(RECORDS FOR THIS TASK Opens)
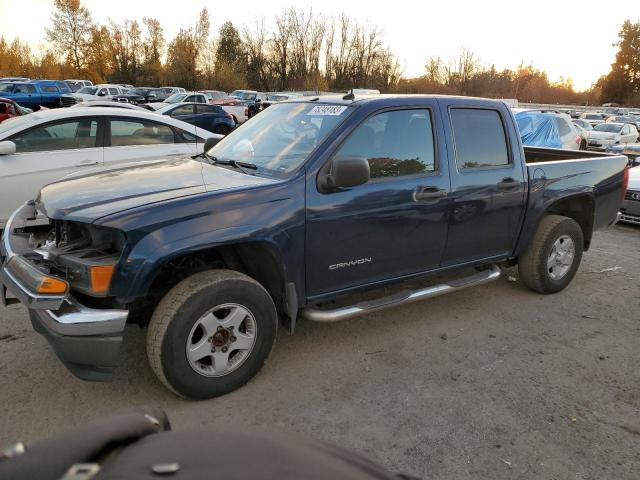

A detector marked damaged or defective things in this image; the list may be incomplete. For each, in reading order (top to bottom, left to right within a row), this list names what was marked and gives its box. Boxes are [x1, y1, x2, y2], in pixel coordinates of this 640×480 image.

damaged front end [0, 201, 130, 380]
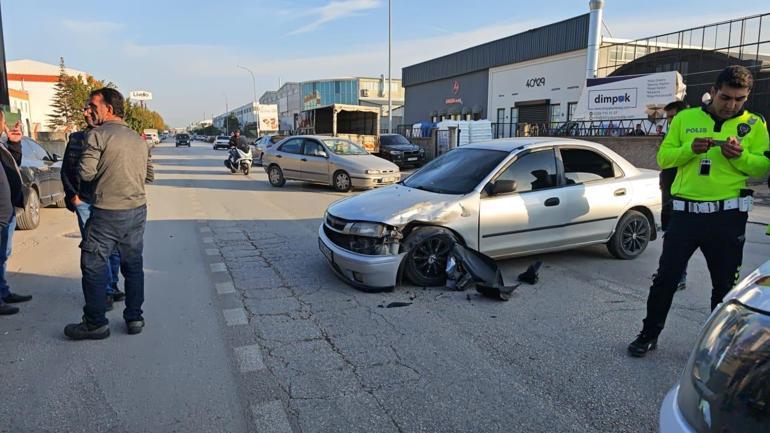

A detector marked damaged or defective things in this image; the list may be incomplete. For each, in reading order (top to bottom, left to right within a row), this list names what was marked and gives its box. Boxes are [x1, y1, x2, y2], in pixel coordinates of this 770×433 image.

damaged silver sedan [318, 139, 660, 290]
broken front bumper [316, 223, 404, 290]
damaged front wheel [402, 226, 456, 286]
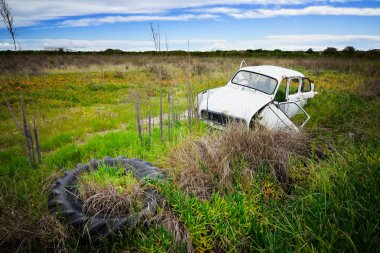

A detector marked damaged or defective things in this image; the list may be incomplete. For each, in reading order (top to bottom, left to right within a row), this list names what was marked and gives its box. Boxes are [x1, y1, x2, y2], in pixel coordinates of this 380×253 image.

abandoned white car [196, 63, 318, 131]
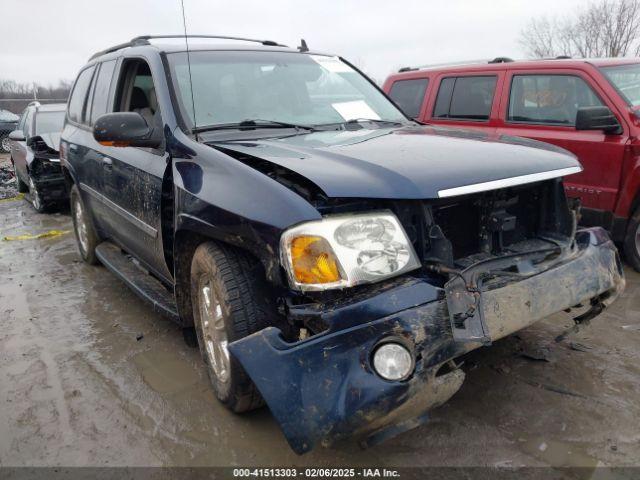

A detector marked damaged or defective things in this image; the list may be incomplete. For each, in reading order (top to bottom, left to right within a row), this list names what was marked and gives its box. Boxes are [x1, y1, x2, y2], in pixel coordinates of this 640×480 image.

damaged gmc envoy [61, 34, 624, 454]
broken headlight assembly [278, 212, 420, 290]
bent hood [208, 124, 584, 200]
crumpled front bumper [229, 228, 624, 454]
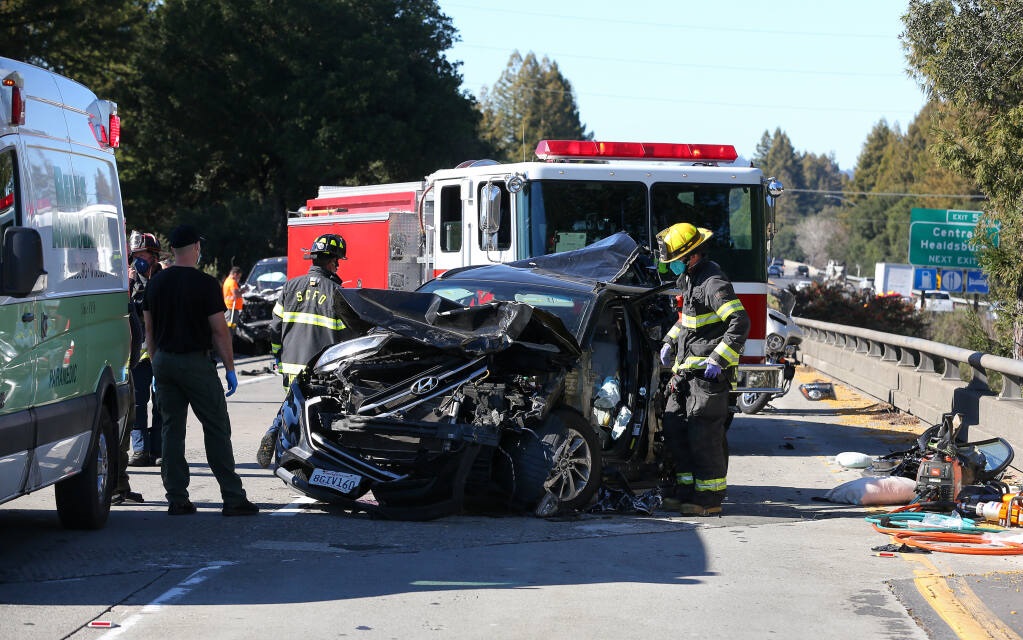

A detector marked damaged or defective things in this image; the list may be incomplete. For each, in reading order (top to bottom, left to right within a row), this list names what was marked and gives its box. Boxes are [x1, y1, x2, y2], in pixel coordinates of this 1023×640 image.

crushed car hood [339, 288, 581, 359]
wrecked black sedan [268, 232, 675, 515]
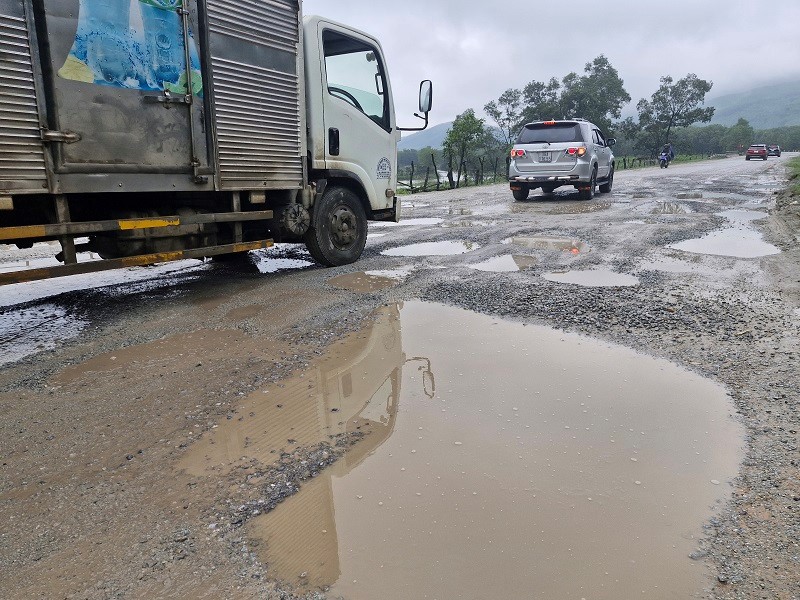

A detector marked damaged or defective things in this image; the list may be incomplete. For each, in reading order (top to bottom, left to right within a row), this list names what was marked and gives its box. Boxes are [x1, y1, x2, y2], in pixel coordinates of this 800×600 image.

pothole filled with water [382, 240, 478, 256]
pothole filled with water [468, 253, 536, 272]
pothole filled with water [544, 268, 636, 288]
pothole filled with water [668, 209, 780, 258]
damaged road surface [0, 156, 796, 600]
pothole filled with water [186, 302, 744, 600]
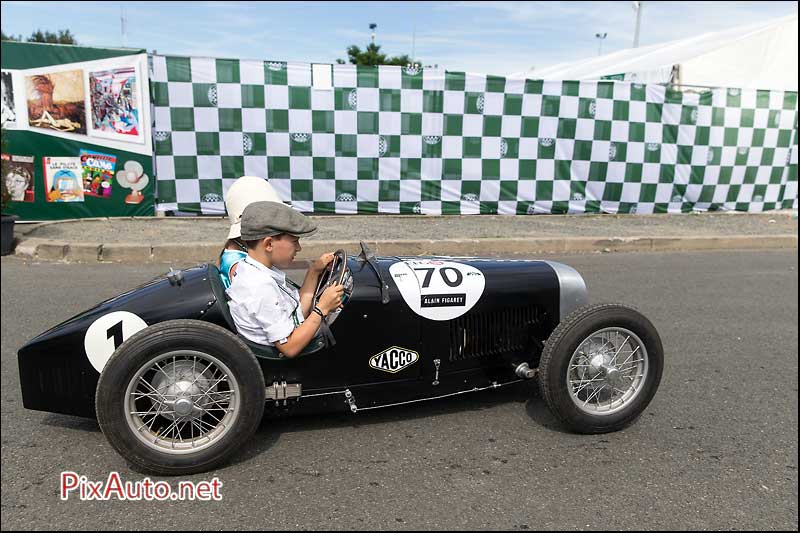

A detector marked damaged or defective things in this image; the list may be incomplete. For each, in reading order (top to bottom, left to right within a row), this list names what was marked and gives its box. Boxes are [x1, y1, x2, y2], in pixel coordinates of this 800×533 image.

exposed engine grille [450, 304, 544, 362]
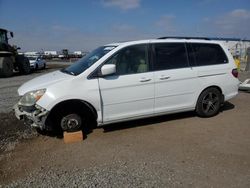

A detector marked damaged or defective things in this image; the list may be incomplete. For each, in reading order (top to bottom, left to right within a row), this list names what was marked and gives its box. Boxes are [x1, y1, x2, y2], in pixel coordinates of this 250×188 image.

crumpled hood [17, 70, 72, 95]
damaged front bumper [13, 103, 49, 130]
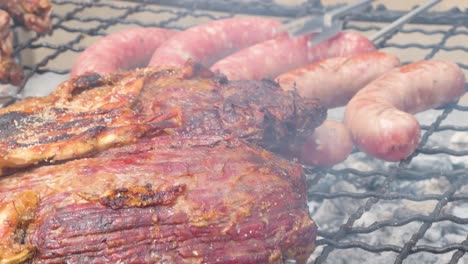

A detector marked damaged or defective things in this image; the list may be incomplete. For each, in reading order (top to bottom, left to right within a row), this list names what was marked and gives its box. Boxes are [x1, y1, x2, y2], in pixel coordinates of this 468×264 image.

burnt char mark [0, 111, 30, 138]
burnt char mark [99, 185, 186, 209]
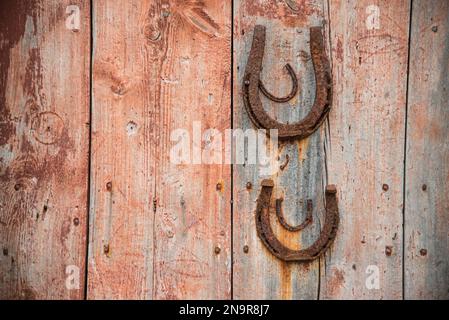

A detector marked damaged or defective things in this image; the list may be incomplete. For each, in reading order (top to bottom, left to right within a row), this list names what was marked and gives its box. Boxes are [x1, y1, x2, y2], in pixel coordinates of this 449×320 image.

upper rusty horseshoe [242, 25, 332, 140]
lower rusty horseshoe [242, 25, 332, 140]
rusty horseshoe [242, 25, 332, 140]
lower rusty horseshoe [254, 179, 338, 262]
upper rusty horseshoe [254, 179, 338, 262]
rusty horseshoe [254, 179, 338, 262]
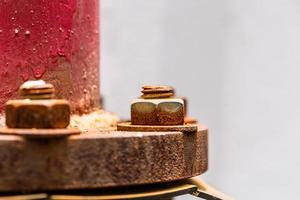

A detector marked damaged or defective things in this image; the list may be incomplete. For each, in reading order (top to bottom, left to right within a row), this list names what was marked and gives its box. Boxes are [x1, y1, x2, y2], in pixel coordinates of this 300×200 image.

rusty bolt [4, 79, 70, 128]
rusty hex nut [5, 99, 70, 129]
rusty bolt [132, 85, 185, 125]
rusty hex nut [132, 98, 185, 125]
rusty metal surface [0, 125, 207, 192]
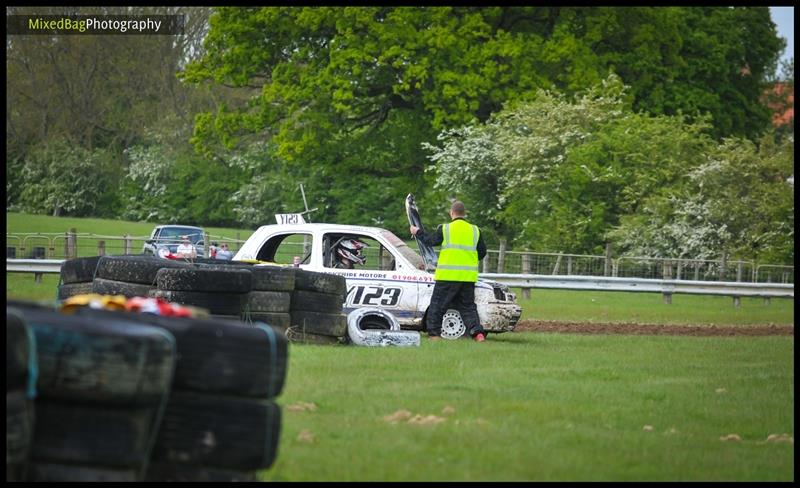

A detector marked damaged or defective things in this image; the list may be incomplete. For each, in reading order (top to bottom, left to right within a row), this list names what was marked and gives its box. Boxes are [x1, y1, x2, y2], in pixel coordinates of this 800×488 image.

damaged race car [234, 195, 520, 340]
(RECORDS FOR THIS TASK Closes)
In your answer, repeat the material above in full, exactly, and without its pictures.

THE ANSWER:
A detector marked damaged or defective things in this image; the list may be incomplete. For each, in reading order (top to bottom, left to right within a row), this list names what was marked and gives its box. Boxes are [x1, y1, x2, y2], in pixel coordinates of this 640×480 image.

damaged front end [0, 201, 130, 380]

A detector marked damaged or defective things in this image; the list may be incomplete. For each, in reading order (top to bottom, left to right within a row), this list names what was marked and gives its box. Boxes are [x1, y1, x2, y2], in pixel coordinates of this 770×433 image.

damaged silver sedan [318, 139, 660, 290]
broken front bumper [316, 223, 404, 290]
damaged front wheel [402, 226, 456, 286]

A detector marked damaged or defective things in this image; the list may be incomplete. For each, in reading order (top to bottom, left to right within a row), this list names what was marked and gives its box. Boxes are [x1, y1, x2, y2], in pixel coordinates of this 380×253 image.

abandoned white car [196, 63, 318, 131]

A detector marked damaged or defective things in this image; the list may be incomplete. For each, in reading order (top to bottom, left to right within a row), this list names what was marked and gives its box. Boxes are [x1, y1, x2, y2], in pixel coordinates of this 640×480 image.

damaged gmc envoy [61, 34, 624, 454]
broken headlight assembly [278, 212, 420, 290]
bent hood [208, 124, 584, 200]
crumpled front bumper [229, 228, 624, 454]

A detector marked damaged or defective things in this image; the list may be incomplete. For each, in reading order (top to bottom, left to right within a row), this list names what was marked and gives its box. Boxes are [x1, y1, x2, y2], in pixel coordinates of this 1023×640 image.

crushed car hood [339, 288, 581, 359]
wrecked black sedan [268, 232, 675, 515]

A detector marked damaged or defective things in this image; the list may be incomplete. For each, in reading order (top to bottom, left to right within a row), this list names what was marked and gives its box. Boxes are [x1, y1, x2, y2], in pixel coordinates of this 800×600 image.

pothole filled with water [382, 240, 478, 256]
pothole filled with water [468, 253, 536, 272]
pothole filled with water [544, 268, 636, 288]
pothole filled with water [668, 209, 780, 258]
damaged road surface [0, 156, 796, 600]
pothole filled with water [186, 302, 744, 600]

A detector marked damaged or defective things in this image; the list may be incomplete. For each, in reading order (top to bottom, left to right within a row), this list names what was marked and gives its box. Boxes are [x1, y1, x2, y2], in pixel coordinates of this 800×533 image.

exposed engine grille [450, 304, 544, 362]

A detector marked damaged or defective things in this image; the list may be incomplete. For each, in reading order (top to bottom, left to right within a row), this list names what was marked and gives its box. Boxes are [x1, y1, x2, y2], in pixel coordinates of this 250×188 image.

crumpled hood [17, 70, 72, 95]
damaged front bumper [13, 103, 49, 130]

A detector marked damaged or defective things in this image; the list may be incomplete. For each, in reading order (top to bottom, left to right within a row), this list names what was marked and gives its box. Boxes are [x1, y1, x2, y2], in pixel coordinates of this 468×264 image.

burnt char mark [0, 111, 30, 138]
burnt char mark [99, 185, 186, 209]

A detector marked damaged or defective things in this image; the list may be incomplete. For each, in reading order (top to bottom, left to right within a row), this list names what was marked and gives its box. Boxes are [x1, y1, x2, y2], in pixel coordinates of this 449×320 image.

upper rusty horseshoe [242, 25, 332, 140]
lower rusty horseshoe [242, 25, 332, 140]
rusty horseshoe [242, 25, 332, 140]
lower rusty horseshoe [254, 179, 338, 262]
upper rusty horseshoe [254, 179, 338, 262]
rusty horseshoe [254, 179, 338, 262]

A detector marked damaged or defective things in this image; the list may be incomplete. For each, in reading order (top to bottom, left to right within a row), this list names what was marked and gives its box. Boxes are [x1, y1, x2, y2], in pixel coordinates of this 300×200 image.

rusty bolt [4, 79, 70, 128]
rusty hex nut [5, 99, 70, 129]
rusty bolt [132, 85, 185, 125]
rusty hex nut [132, 98, 185, 125]
rusty metal surface [0, 125, 207, 192]

A detector marked damaged or defective things in this image; the list may be incomplete. For each, in reading order (top to bottom, left to right within a row), this list names what was marked and gives its box. Boxes are [x1, y1, x2, y2], in pixel coordinates of this 800×488 image.

damaged race car [234, 195, 520, 340]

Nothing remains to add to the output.